▶ **WORK TASK**
Repeat only the stretch of lines below that runs from the line with "تعليقة بصورة من تحب حفر ليزر" through the line with "yellowtail for 2", unaltered.

Collected data
★ ★ ★
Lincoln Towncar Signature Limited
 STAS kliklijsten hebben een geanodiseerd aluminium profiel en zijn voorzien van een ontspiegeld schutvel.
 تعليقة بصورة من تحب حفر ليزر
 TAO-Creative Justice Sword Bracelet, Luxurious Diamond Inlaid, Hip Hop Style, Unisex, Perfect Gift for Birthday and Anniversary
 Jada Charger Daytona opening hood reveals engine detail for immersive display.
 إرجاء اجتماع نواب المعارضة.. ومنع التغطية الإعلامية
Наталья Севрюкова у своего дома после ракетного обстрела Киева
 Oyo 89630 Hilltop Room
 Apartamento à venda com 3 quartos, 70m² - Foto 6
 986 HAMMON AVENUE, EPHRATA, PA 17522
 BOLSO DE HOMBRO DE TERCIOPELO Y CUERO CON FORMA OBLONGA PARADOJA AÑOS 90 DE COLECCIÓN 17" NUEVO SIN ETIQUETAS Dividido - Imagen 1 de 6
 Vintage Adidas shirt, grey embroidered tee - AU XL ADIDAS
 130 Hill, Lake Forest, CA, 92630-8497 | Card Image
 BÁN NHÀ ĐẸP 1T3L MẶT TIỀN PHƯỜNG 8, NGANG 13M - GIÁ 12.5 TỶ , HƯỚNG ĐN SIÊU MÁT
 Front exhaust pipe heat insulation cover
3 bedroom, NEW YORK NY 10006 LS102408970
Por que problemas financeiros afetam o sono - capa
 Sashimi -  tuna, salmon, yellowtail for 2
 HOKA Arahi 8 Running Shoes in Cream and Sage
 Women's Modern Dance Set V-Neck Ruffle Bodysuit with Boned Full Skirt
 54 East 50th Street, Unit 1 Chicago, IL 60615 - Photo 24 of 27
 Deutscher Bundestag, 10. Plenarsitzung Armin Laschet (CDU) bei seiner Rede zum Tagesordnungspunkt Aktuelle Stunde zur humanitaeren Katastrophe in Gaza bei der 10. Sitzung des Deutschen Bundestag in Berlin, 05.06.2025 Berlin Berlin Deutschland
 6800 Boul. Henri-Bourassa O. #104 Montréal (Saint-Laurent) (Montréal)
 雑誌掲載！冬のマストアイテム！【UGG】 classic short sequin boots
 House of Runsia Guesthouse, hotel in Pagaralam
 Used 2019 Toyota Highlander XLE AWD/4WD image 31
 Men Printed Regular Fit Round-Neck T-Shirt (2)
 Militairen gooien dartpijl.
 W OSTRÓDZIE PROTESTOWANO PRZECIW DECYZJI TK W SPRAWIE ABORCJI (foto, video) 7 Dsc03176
★ ★ ★
▶ **TASK SOLUTION**
 تعليقة بصورة من تحب حفر ليزر
 TAO-Creative Justice Sword Bracelet, Luxurious Diamond Inlaid, Hip Hop Style, Unisex, Perfect Gift for Birthday and Anniversary
 Jada Charger Daytona opening hood reveals engine detail for immersive display.
 إرجاء اجتماع نواب المعارضة.. ومنع التغطية الإعلامية
Наталья Севрюкова у своего дома после ракетного обстрела Киева
 Oyo 89630 Hilltop Room
 Apartamento à venda com 3 quartos, 70m² - Foto 6
 986 HAMMON AVENUE, EPHRATA, PA 17522
 BOLSO DE HOMBRO DE TERCIOPELO Y CUERO CON FORMA OBLONGA PARADOJA AÑOS 90 DE COLECCIÓN 17" NUEVO SIN ETIQUETAS Dividido - Imagen 1 de 6
 Vintage Adidas shirt, grey embroidered tee - AU XL ADIDAS
 130 Hill, Lake Forest, CA, 92630-8497 | Card Image
 BÁN NHÀ ĐẸP 1T3L MẶT TIỀN PHƯỜNG 8, NGANG 13M - GIÁ 12.5 TỶ , HƯỚNG ĐN SIÊU MÁT
 Front exhaust pipe heat insulation cover
3 bedroom, NEW YORK NY 10006 LS102408970
Por que problemas financeiros afetam o sono - capa
 Sashimi -  tuna, salmon, yellowtail for 2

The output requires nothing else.